Talbotype gave in 5 seconds and in 10 seconds pictures hardly to be preferred the one to the other –
The 1st preparation took 17 minutes to darken to the tone that seemed to correspond (rather redder) to the Talbotype picture –
The 2nd preparation was also in 17 minutes well darkened, but after 32 minutes did not seem to reach the tone of the Gallic acid picture –
I think we should be within the mark in putting the difference at that of from10 seconds Talbotype to 15 minutes Reades process <3>
i.e. 1 : 90
Obviously this is far within the mark – it is probably as 1 : 300, [illegible deletion] to 1 : 300 or to 400 or even more. The day was most sullen & dark & the light would not penetrate the leaf a bit.
I hope to be in Town on Saturday. Perhaps we may meet in the Evening at the Athenæum. <4> I will call on your Solicitor. <5>
Yours very truly
Nevil Story Maskelyne.
Ashmolean Museum. <6>
Decr 14. 1854.
Notes:
1. Viz. Calotype. Story-Maskelyne’s pictures were made not in the camera but by laying a leaf direct on to the various treated papers [see penultimate paragraph]. See Doc. No: 07059: Talbot had tried to make camera pictures using Reade’s process.
2. See Doc. No: 07092 for Talbot’s contrast between an infusion and a tincture of galls.
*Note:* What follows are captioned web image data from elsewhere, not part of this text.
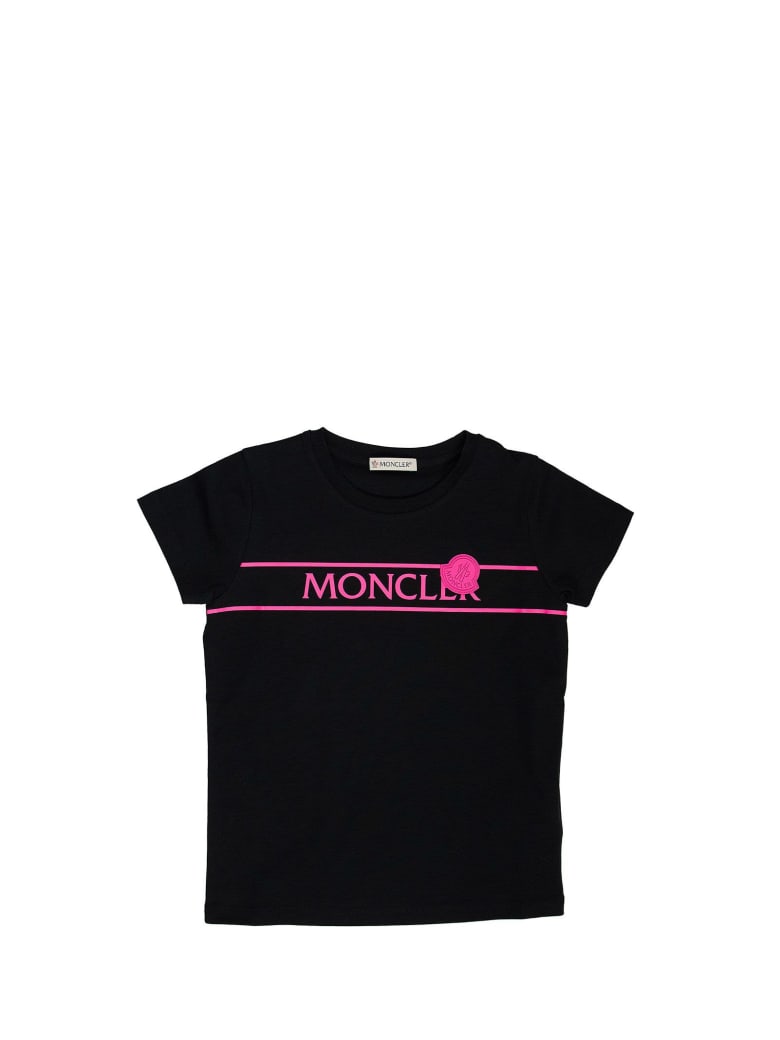 Moncler Neon Pink Logo T-shirt Black - Black/pink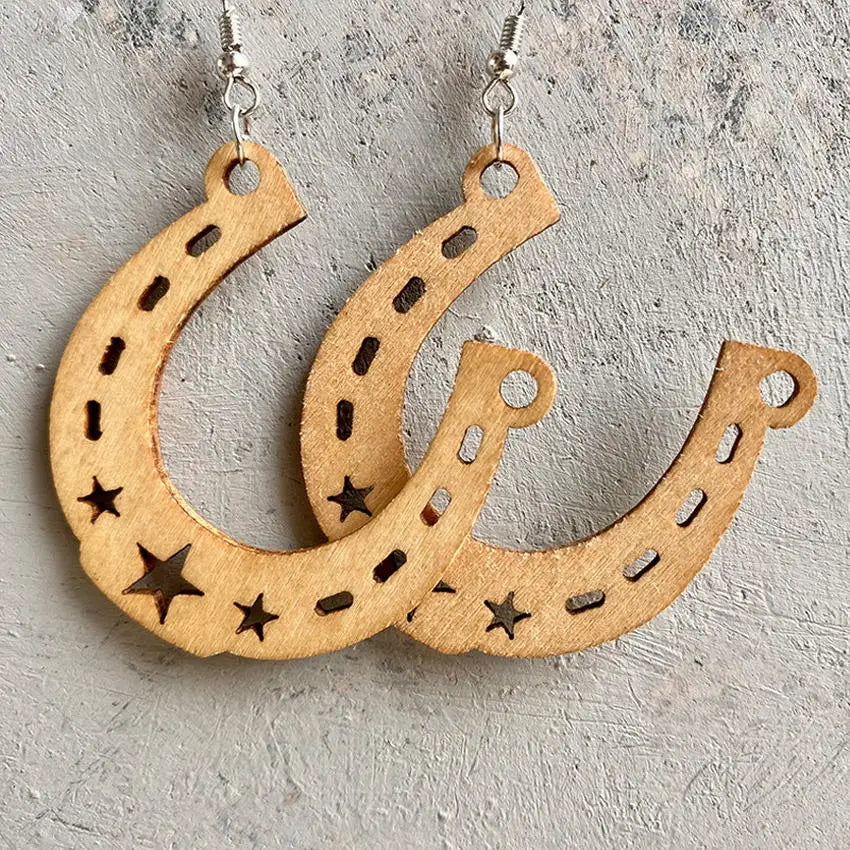 Wood Equestrian Cowgirl Horseshoe Earrings 2024 Cutout Boots Aztec Wooden Earrings for Women Western Rancher Jewelry Wholesale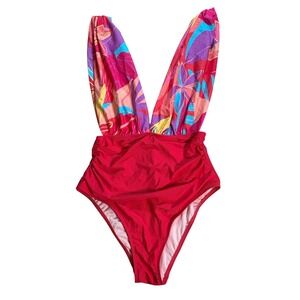 Cupshe NWT One Piece Swimsuit Medium Red Tropical Floral Plunge V Neck High Cut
3. Rev Joseph Bancroft Reade (1801–1870), microscopist & photographer. For an account of his process, see Doc. No: 07059. See also Doc. No: 07088 for Talbot’s request that Story-Maskelyne should test the process in comparison with the Calotype. The opponents of Talbot’s photographic patents asserted that Reade had invented the Calotype process before him. [For an account of the patent trials of 1854, and the opposition to Talbot’s patents, see H. J. P. Arnold, William Henry Fox Talbot: Pioneer of Photography and Man of Science (London: Hutchinson Benham, 1977), pp. 198–209.]
4. Athenaeum Club, Pall Mall, London: WHFT’s club; a gentleman’s club composed primarily of artists and scientists.
5. John Henry Bolton (1795–1873), solicitor, London.
6. Story-Maskelyne lectured on mineralogy and chemistry at the University of Oxford, and had a laboratory in the lower part of the museum building.